12. If you’re worried that something might be inappropriate — like hugging them or asking about their personal life — just talk about it.
Not every therapist will be open to hugging their clients, but if you really feel compelled to, don’t be embarrassed to bring it up. “The client should feel free to say anything or ask anything,” says Howes. “Ask it if it’s on your mind and then let the therapist decide whether or not they’re going to answer that. Try not to filter yourself or censor yourself.”
13. They don’t have all the answers.
“Sometimes people think therapists have a special ability to see inside you but we really don’t,” says Bufka. “We have a particular training and understanding of how humans are, how humans behave, how emotions work, and we’re able to use that to understand the specific situation someone is in.
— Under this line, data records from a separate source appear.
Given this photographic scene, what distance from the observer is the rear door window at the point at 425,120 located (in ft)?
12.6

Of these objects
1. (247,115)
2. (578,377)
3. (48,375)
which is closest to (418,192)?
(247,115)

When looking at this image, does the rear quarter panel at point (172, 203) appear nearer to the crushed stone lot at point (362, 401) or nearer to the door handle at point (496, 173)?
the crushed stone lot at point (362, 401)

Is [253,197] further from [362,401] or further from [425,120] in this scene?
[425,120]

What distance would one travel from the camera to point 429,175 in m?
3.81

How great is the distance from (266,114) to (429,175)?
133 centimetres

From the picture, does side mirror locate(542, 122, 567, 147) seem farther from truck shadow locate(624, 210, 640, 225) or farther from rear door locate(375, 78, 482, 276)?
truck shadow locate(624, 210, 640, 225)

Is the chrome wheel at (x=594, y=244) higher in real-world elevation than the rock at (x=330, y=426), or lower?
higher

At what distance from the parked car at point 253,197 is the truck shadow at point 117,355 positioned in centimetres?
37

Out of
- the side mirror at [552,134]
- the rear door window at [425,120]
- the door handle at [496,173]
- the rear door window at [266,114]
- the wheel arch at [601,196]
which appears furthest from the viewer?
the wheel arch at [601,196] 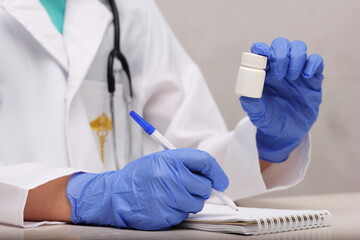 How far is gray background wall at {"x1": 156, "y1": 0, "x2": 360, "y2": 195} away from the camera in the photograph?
1822mm

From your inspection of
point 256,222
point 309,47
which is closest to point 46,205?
point 256,222

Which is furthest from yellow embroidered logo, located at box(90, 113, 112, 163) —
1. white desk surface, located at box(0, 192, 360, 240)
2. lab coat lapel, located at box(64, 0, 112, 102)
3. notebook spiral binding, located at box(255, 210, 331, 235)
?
notebook spiral binding, located at box(255, 210, 331, 235)

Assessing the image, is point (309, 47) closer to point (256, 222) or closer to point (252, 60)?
point (252, 60)

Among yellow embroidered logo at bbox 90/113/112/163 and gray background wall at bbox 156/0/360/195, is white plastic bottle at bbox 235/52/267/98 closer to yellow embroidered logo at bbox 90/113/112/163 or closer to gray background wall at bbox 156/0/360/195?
yellow embroidered logo at bbox 90/113/112/163

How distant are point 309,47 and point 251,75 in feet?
3.68

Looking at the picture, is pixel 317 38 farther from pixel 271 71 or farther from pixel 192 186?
pixel 192 186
We don’t have these magical skills that we’re instantly going to read into you — it’s a process.”
14. Being a therapist can be hard work.
Between juggling several clients every day and helping patients through particularly traumatic events, it can be an incredibly daunting profession. “Obviously it can be hard to hear difficult stories hour after hour, day after day and then still have enough energy for your own family at night,” says Smith. “That can be a challenge, but it’s certainly manageable.”
“We’re professional secret keepers,” says Howes. “That takes a toll after a while. It’s really important for us to have our own confidants and our own people we can talk to about things.”
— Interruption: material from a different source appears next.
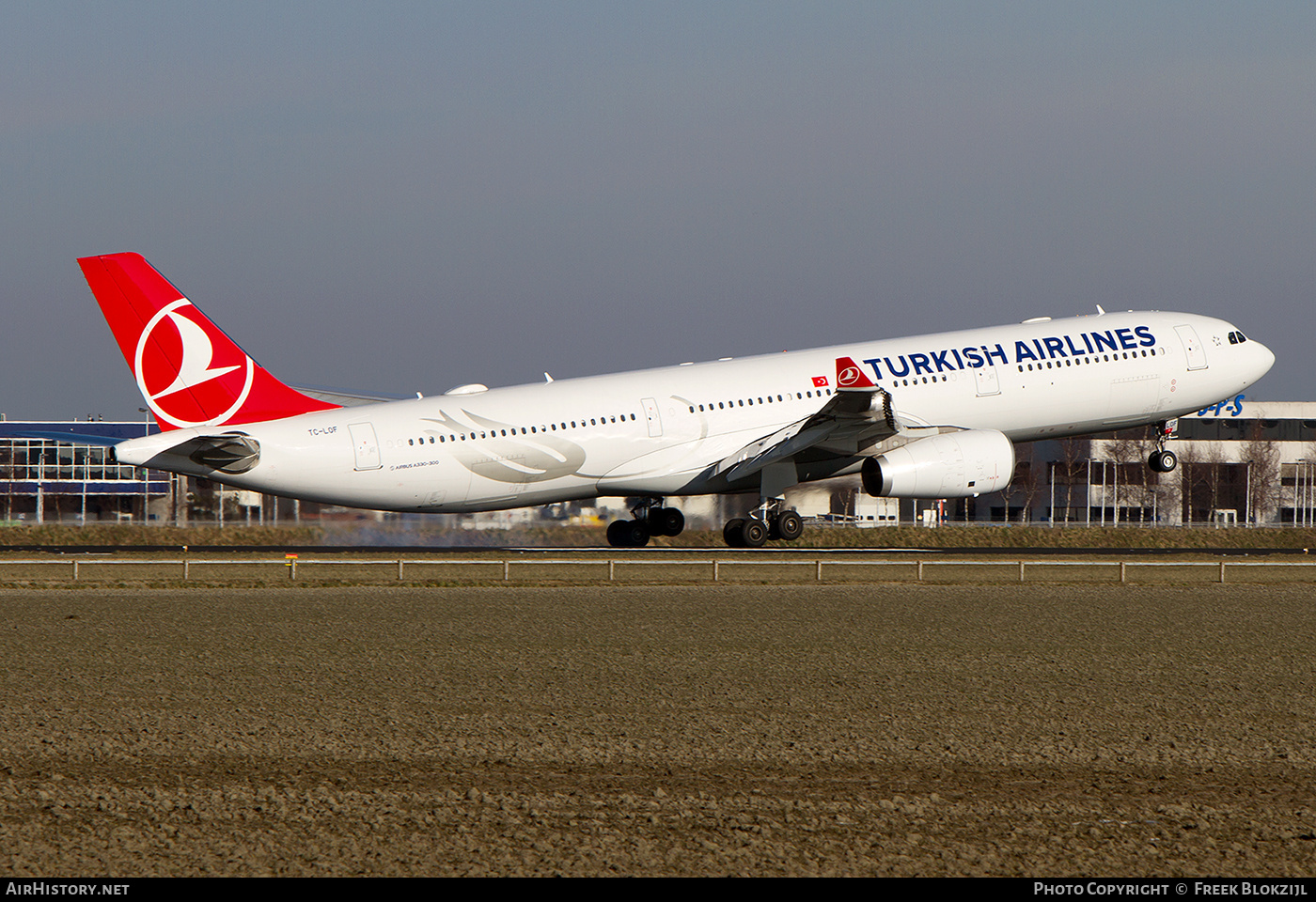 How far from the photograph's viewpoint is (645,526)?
4112cm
15. But chances are, they also find what they do incredibly rewarding.
“When therapy works, and it does, you’re going to walk out of there with a new understanding and new ways of doing things. You own it. It’s yours. It goes with you for the rest of your life,” says Bufka.
“I just love people,” says Smith. “I love to get to know people, and it’s really as simple as that. I find people endlessly interesting.”
“Whenever I’m able to see someone’s growth process taking place, I’m delighted,” says Howes. “And I spend much more time laughing than I ever thought I would.”